Quantitative real-time PCR (qPCR) is currently the prime technique to measure gene expression. When properly used it offers unprecedented sensitivity, accuracy, and reproducibility. But there are caveats. The target is mRNA, which must be extracted and converted to cDNA in a reverse transcription process that can produce highly variable yield depending on protocol. RNA is further rapidly degraded by nucleases abundant in biological samples. Generally when assaying biological subjects, there is a need to minimize confounding technical and biological variability (See Insert) while maximizing the studied effect.

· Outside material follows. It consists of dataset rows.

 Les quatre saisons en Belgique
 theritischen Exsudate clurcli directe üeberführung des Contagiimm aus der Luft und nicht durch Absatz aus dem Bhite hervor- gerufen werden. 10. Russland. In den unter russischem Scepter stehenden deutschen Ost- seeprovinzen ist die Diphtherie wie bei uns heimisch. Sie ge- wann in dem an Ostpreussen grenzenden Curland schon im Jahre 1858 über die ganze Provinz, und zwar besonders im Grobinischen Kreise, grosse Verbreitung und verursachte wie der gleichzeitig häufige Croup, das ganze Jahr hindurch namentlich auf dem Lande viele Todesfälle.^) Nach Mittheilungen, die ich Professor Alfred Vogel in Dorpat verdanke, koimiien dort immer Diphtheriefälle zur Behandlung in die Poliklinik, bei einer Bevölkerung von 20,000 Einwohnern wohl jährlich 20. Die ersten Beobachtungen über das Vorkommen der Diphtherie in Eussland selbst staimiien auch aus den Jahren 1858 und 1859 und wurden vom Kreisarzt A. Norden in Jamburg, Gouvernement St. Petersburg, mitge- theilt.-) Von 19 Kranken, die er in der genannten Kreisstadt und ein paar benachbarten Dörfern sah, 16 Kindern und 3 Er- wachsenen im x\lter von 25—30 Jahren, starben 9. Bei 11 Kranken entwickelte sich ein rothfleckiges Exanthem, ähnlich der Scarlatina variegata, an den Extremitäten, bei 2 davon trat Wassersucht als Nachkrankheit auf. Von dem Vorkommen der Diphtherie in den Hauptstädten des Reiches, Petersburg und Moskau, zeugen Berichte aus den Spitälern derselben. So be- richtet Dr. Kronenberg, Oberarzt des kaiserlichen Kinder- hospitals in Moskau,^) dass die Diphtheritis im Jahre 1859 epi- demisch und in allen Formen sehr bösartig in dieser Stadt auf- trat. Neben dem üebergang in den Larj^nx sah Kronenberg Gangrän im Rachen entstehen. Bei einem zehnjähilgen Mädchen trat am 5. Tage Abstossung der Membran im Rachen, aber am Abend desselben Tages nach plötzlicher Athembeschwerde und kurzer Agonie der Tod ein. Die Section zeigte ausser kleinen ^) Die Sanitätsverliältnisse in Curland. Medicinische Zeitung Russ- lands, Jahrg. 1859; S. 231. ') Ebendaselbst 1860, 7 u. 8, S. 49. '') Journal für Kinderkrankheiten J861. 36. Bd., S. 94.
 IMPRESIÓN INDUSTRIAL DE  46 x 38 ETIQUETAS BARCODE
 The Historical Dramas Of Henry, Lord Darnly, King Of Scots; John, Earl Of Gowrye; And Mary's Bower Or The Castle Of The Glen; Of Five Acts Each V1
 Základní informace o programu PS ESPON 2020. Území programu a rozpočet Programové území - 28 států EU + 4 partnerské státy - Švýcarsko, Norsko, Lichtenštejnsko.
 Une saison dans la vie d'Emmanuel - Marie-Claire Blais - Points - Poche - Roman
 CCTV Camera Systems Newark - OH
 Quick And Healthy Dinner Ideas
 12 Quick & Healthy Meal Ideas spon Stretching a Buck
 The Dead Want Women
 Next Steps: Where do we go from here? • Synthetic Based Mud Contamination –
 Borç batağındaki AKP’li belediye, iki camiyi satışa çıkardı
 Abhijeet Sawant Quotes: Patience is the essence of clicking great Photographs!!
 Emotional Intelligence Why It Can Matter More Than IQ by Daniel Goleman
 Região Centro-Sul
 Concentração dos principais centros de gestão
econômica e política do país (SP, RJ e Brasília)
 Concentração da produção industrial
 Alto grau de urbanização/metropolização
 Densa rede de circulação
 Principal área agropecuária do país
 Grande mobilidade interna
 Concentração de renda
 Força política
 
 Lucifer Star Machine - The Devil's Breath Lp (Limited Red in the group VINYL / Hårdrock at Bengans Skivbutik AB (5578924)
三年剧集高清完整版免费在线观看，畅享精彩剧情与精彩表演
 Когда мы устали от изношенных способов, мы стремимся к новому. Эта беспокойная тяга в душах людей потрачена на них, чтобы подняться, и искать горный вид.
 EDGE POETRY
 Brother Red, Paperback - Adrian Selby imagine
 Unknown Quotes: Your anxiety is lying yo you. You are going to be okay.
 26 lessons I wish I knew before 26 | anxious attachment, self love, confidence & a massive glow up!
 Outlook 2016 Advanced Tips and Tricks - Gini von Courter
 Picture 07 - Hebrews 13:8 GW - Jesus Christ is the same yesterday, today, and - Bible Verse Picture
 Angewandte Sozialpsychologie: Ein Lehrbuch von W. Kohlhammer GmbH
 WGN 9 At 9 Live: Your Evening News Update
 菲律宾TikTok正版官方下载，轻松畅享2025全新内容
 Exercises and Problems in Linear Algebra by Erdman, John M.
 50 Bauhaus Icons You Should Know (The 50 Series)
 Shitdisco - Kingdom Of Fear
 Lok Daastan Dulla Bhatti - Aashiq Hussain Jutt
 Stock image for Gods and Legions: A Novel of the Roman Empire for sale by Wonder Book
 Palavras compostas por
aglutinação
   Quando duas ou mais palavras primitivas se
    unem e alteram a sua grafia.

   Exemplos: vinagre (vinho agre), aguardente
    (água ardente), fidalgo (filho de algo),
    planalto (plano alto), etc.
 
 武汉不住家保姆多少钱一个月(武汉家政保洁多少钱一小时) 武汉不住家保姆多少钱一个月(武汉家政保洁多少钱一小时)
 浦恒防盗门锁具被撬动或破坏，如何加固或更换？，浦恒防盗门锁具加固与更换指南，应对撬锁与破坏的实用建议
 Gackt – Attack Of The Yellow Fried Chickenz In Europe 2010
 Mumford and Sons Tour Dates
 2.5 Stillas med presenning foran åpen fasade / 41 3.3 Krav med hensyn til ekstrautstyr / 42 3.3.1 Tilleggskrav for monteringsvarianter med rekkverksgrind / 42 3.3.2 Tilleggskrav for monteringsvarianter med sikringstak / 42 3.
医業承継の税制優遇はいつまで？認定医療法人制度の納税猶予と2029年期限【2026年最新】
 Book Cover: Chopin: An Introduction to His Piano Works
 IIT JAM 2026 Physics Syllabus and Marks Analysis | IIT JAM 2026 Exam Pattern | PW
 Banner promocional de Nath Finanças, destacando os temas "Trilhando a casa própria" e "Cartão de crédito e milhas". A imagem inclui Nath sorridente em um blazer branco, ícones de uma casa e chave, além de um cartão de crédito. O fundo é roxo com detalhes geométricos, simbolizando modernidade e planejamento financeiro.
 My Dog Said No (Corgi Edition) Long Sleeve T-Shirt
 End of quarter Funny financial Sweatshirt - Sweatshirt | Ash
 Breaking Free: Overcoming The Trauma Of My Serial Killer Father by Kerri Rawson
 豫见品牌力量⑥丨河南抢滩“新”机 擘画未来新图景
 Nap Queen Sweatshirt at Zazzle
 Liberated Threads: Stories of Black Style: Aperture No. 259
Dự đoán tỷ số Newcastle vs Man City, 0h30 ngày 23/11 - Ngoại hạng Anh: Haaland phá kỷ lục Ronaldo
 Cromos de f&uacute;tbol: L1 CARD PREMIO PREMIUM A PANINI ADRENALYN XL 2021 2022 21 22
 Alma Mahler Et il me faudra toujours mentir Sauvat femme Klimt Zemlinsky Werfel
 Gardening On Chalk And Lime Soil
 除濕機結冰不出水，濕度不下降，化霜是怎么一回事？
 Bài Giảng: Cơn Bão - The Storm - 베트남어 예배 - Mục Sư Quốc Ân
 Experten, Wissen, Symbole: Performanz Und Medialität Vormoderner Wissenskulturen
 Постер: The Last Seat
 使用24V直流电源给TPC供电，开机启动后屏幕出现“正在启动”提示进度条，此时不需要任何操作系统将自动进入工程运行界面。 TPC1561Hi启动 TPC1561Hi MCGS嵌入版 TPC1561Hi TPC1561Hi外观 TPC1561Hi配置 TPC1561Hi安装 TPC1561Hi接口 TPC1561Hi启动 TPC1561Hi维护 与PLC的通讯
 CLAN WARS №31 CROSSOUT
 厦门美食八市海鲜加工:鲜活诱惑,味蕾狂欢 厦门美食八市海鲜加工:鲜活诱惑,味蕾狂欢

To choose a normalization strategy in real-time PCR is far from trivial. Popular strategies include relating expression of marker genes to that of endogenous reference genes or to the total amount of RNA. This tutorial discusses how to select an optimum number of reference genes for normalization and also how to compare normalization with reference genes with normalization to the total amount of RNA.
GenEx, qPCR data-analysis software from MultiD Analyses (www.multid.se), offers many options to normalize data and to standardize measurements, including: interplate calibration, efficiency correction, normalization with spike, normalization to sample amount, normalize qPCR repeats, normalization with reference genes, normalization with reference samples, and normalize RT repeats.
Normalization with reference genes requires identifying genes with a stable expression that is invariant of the conditions studied. This is typically done by testing a panel of candidate reference genes on representative samples. If the study compares different groups of samples such as treated and control, the panel must be tested on representative samples of each type.
The reference gene candidates are then evaluated by estimating their expression stability and any bias in their expression between the sample groups. Further, the optimum number of reference genes should be found. Often, it is also interesting to compare the effect of reference gene normalization with normalization to total RNA only.
The goal of this experiment was to identify the optimum reference genes for normalization of expression markers in a dietary study of mice. For this purpose, two groups of seven mice were studied. One group was fed a normal diet and the other group a high-fat diet. Biological material from the mouse hypothalamus was extracted, lysed, and subjected to 12 qPCR assays with primers from the Mouse Endogenous Control Gene Panel from TATAA Biocenter (www.tataa.com). qPCR CT values were collected and imported into GenEx for analysis.